What about the name "Ulysses" itself?

"Mulligan" has a possibly unfortunate connotation in sports, especially golf. To "take a mulligan" means "to do something (like a shot) over (because you messed up so horribly the first time)".

"Mulligan" has the gangster-chic nickname "Mugsy".

I like Leopold. I think I'll put it on my boy's name list (which also features August, Felix, and Simon, to give an idea of my naming tastes).

June 17, 2010 4:45 PM
By Lane

Of course, Ulysses is a great name. And yeah, Mulligan might not be quite as great as Sullivan on second thought.

June 17, 2010 10:13 PM
By mersey (not verified)

I think King Leopold II of Belgium and his massive mishandling of the Congo Free State did more to kill off the name internationally than a book.
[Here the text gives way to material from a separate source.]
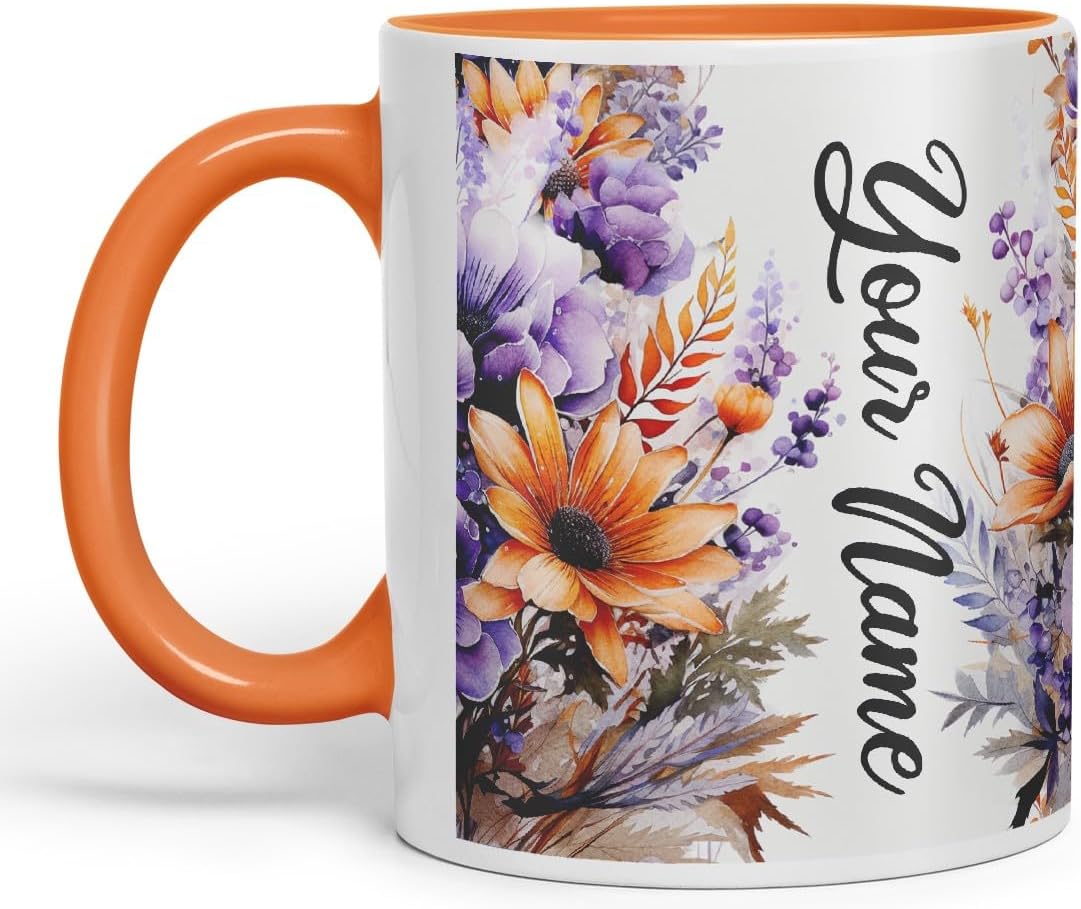 Vixar Personalised Orange Daisy Mug – Custom Your Name Coloured Ceramic Mug Cup Gift, 11oz (Orange)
The region hasn't recovered to this day (http://news.bbc.co.uk/2/hi/africa/3516965.stm, among other sources).

June 17, 2010 10:21 PM
By mersey (not verified)

Also check out Sir Arthur Conan Doyle's "The Crime of The Congo" (1908). Pre-WWI, this was a widely publicized international furor, tarnishing Leopold's name and that of Belgium.

Sorry to be so vehement, but this makes far more sense than speculation that a character in a banned book few Americans had the chance to read until 1933 spurred rejection of its protagonist's name ten years earlier. Historical context suggests otherwise.

June 21, 2010 10:17 PM
By Mulligan (not verified)

Mulligan is my last name. I have one of those very common first names so I was called Mulligan almost exclusively from the age of about the age of 12 on. I loved it then. Still love it now. It's a great name.

June 22, 2010 8:25 PM
By with an E (not verified)

Leopold and Loeb didn't help.

June 22, 2010 10:35 PM
By Julie (not verified)

I don't think James Joyce single-handedly "killed" Leopold, rather the name had many strokes against it...
1. King Leopold's unpopularity.
2. Anti-German sentiment after WWI.
3. The end of several European monarchies after WWI. (Leopold was a common royal name.)
4. But probably most damning the 1924 conviction of murderer Nathan Leopold, who along with Richard Loeb, committed the "crime of the century." (Well, the 1st crime of the century.)

It's just too pat to blame it all on Joyce.